Penford plans to file with the Securities and Exchange Commission (“SEC”) and mail to its shareholders a proxy statement in connection with the proposed merger transaction. This communication does not constitute a solicitation of any vote or approval. The proxy statement and other documents to be filed with the SEC related to the proposed merger transaction will contain important information about Penford, Ingredion Incorporated (“Ingredion”), the proposed merger transaction and related matters. WE URGE INVESTORS AND SECURITY HOLDERS TO CAREFULLY READ THE PROXY STATEMENT AND OTHER DOCUMENTS TO BE FILED WITH THE SEC IN CONNECTION WITH THE PROPOSED MERGER TRANSACTION OR INCORPORATED BY REFERENCE INTO THE PROXY STATEMENT, WHEN AVAILABLE. Investors and security holders will be able to obtain free copies of the proxy statement and other documents filed with the SEC by Penford through the website maintained by the SEC at www.sec.gov or by contacting Penford Investor Relations at 1-800-204-PENX (7369) or 303-649-1900. In addition, investors and security holders will be able to obtain free copies of the documents filed with the SEC on Penford’s website at www.penford.com (which website is not incorporated herein by reference).

Penford and its directors and officers and certain other members of management and employees may be deemed to be participants in the solicitation of proxies from its shareholders in connection with the proposed merger transaction. Information regarding these persons who may, under the rules of the SEC, be considered participants in the solicitation of Penford’s shareholders in connection with the proposed merger transaction will be set forth in the proxy statement described above when it is filed with the SEC. Additional information regarding Penford’s executive officers and directors, including shareholdings, is included in Penford’s definitive proxy statement for 2013, which was filed with the SEC on December 20, 2013. You can obtain free copies of this document from Penford using the contact information above.

Forward-Looking Statements

Statements made in this communication and related statements that express Penford’s or our management’s intentions, hopes, indications, beliefs, expectations, or predictions of the future constitute forward-looking statements, as defined by the Private Securities Litigation Reform Act of 1995, and relate to matters that are not historical facts. These statements include those regarding the closing of the merger transaction, the expected timing of the merger transaction, the anticipated benefits of the proposed merger transaction, including future financial and operating results, and the potential effects of the merger transaction, including if it does not close.
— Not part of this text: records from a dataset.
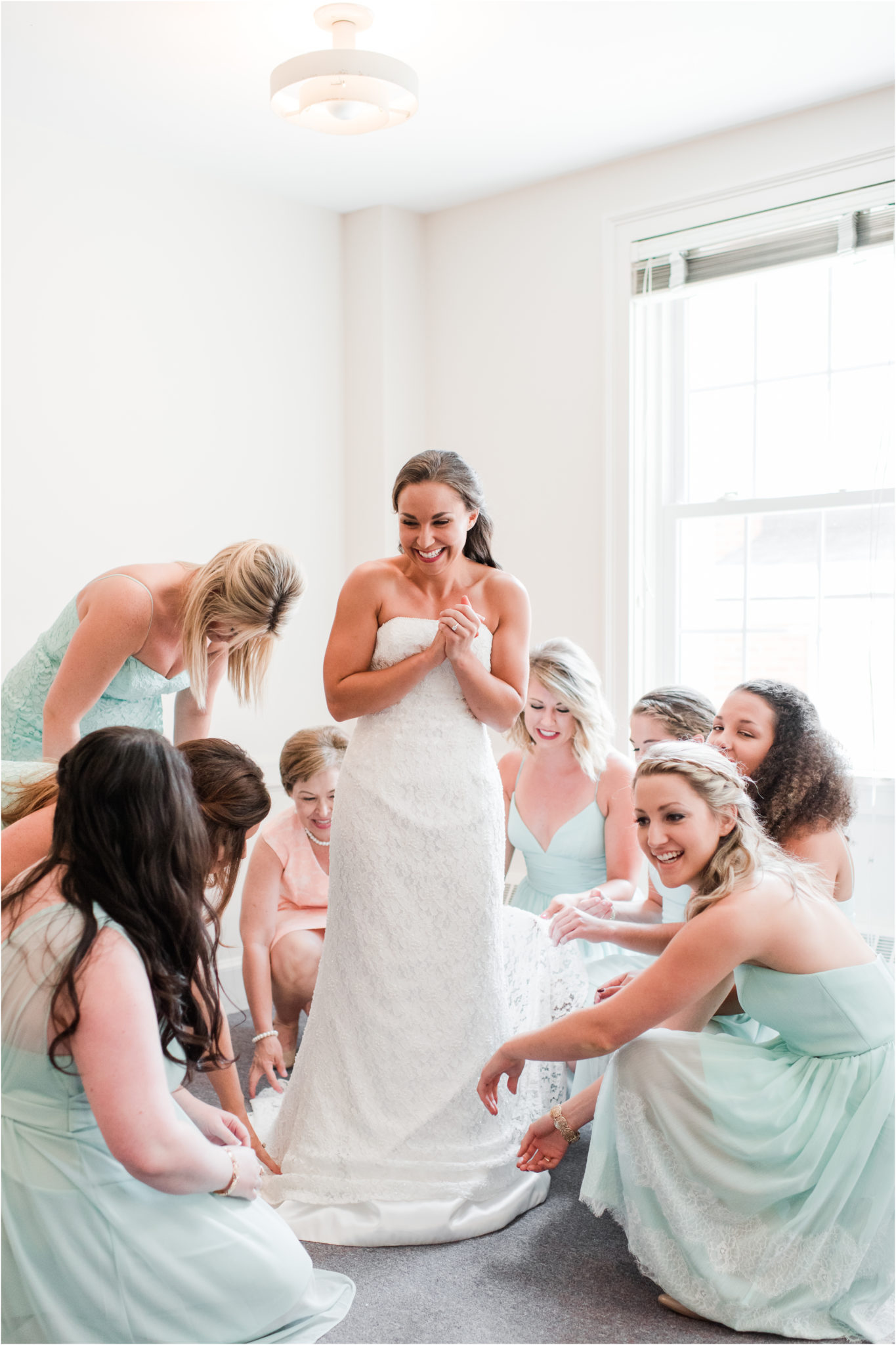 Williamson, South Carolina Wedding Mint Bridesmaids Getting Ready.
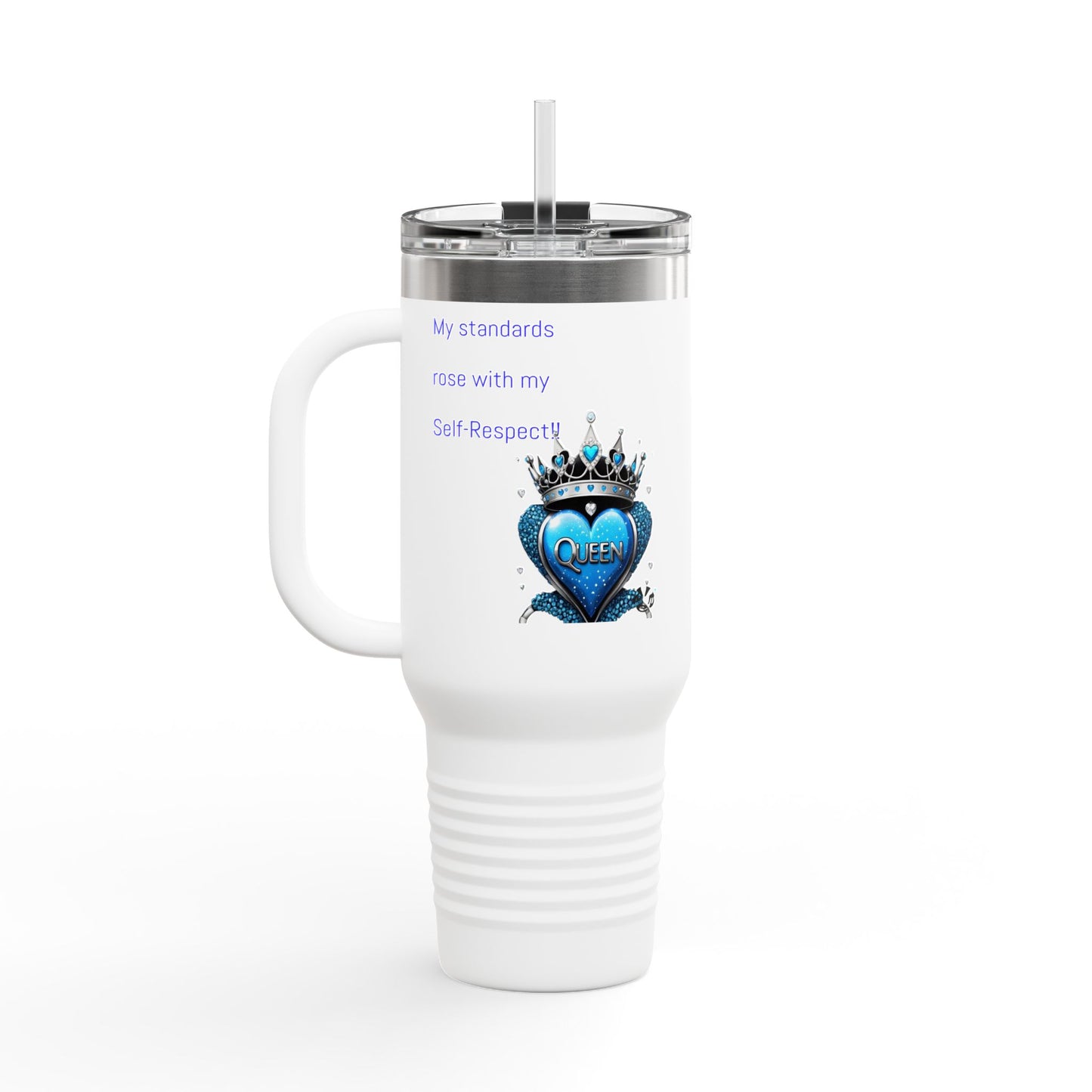 40oz Insulated Travel Mug — Blue Heart Floral Design, Spill‑Resistant Stainless Tumbler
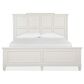 Nicolette Home Willowbrook King Panel Bed with Two Nightstands in Egg Shell White, , large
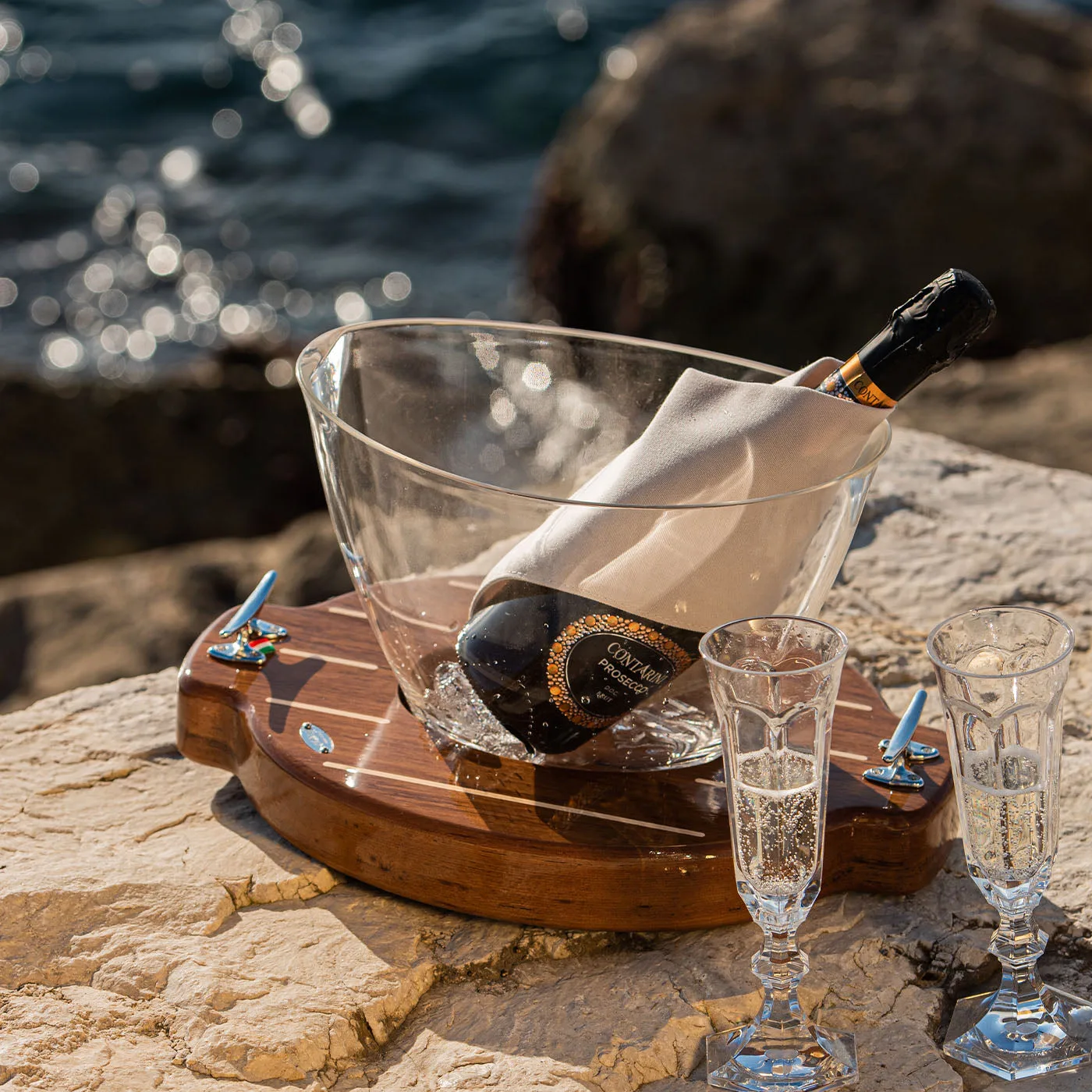 2-Piece Set of White Glacette Teak Base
These statements are not guarantees of future performance or events and are subject to risks, uncertainties and assumptions that could cause actual results or events to vary materially from those indicated in this communication, including without limitation: the ability to obtain regulatory of the merger transaction on the proposed terms and schedule; the ability to obtain shareholder approval of the proposed merger transaction; the risk that the strategic and other objectives relating to the proposed merger transaction may not be achieved or that synergies will not be fully realized; disruptions to our business, including customer, employee and supplier relationships resulting from the proposed merger transaction; and the effect of the proposed merger transaction on pricing, spending, third-party relationships and revenues. These risks, as well as other risks associated with the proposed merger transaction, are more fully discussed in our reports filed with the SEC, including our annual report for the year ended August 31, 2013, and subsequent quarterly reports filed with the SEC, which risks and uncertainties are incorporated herein by reference. You are cautioned not to place undue reliance on these forward-looking statements, which speak only as of the date of this communication. Except to the extent required by law, Penford disclaims any obligation to update any forward-looking statements after the distribution of this communication, whether as a result of new information, future events, changes in assumptions, or otherwise.